Hardy presents Angel's character more fully in this chapter. Angel is a man very much intellectually challenged by his world, a man who studies its contradictions and who uses a most subtle approach when he makes his overtures to Tess. Angel, although he is the son of a minister, has difficulty with the religion, the church, and church doctrine. He is a naturalist who seeks his answers in the world that he can relate to, "preferr[ing] sermons in stones to sermons in churches and chapels on fine summer days." Yet his actions to aid the young ladies when crossing the flooded creek and his remarks alluding to the Jacob/Leah/Rachel story from Genesis, suggest a more complex character steeped in Christian teachings, but who questions some of the practices of the institution itself. (As Angel carries Tess across the creek, he murmurs "Three Leahs to get to one Rachel," an allusion to the story of Jacob and Rachael in Genesis 29, in which Jacob has to work seven years for Rachael but is married to Leah by her father; he then works another seven years for the privilege of marrying Rachel.)

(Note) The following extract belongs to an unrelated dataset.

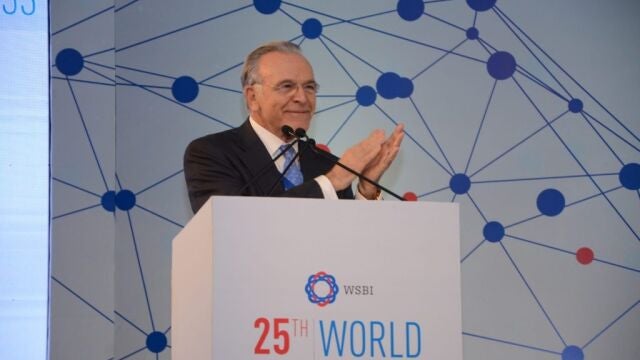 Isidro Fainé, nuevo presidente del Consejo Social y Filantrópico promovido por el Instituto Mundial de Cajas de Ahorros y Bancos Minoristas.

Angel is an intellectual free thinker who approaches his environment with thoughtful deliberation and careful consideration. His approach to other people is not as aloof as we may be inclined to believe; he prefers not to abuse his position or stand with others. This can be clearly seen at the creek, "It reminded Angel that he was somewhat unfairly taking advantage of an accidental position, and he went no further with it." It is also, as mentioned earlier, a way in which Angel's behavior directly contrasts with Alec d'Urberville's behavior.
Glossary
Touchwood dried, decayed wood or dried fungus used as tinder.
almanack (dialect) almanac.
handkercher (dialect) handkerchief.
Ballyragging bullying, intimidating, or browbeating.
pummy ground apples used in making cider.
fagged to have worked hard and become very tired; [Brit. Informal] to have served as a servant.
Thermidorean weather here, warm summer months; Thermidor is a reference to the month from July 19 to August 17 in the French calendar, instituted in 1793 after the Revolution.
enervating depriving of strength, force, vigor, etc.; weakening physically, mentally, or morally.
Ethiopic hot, African-like scorching of the farmland and pasture.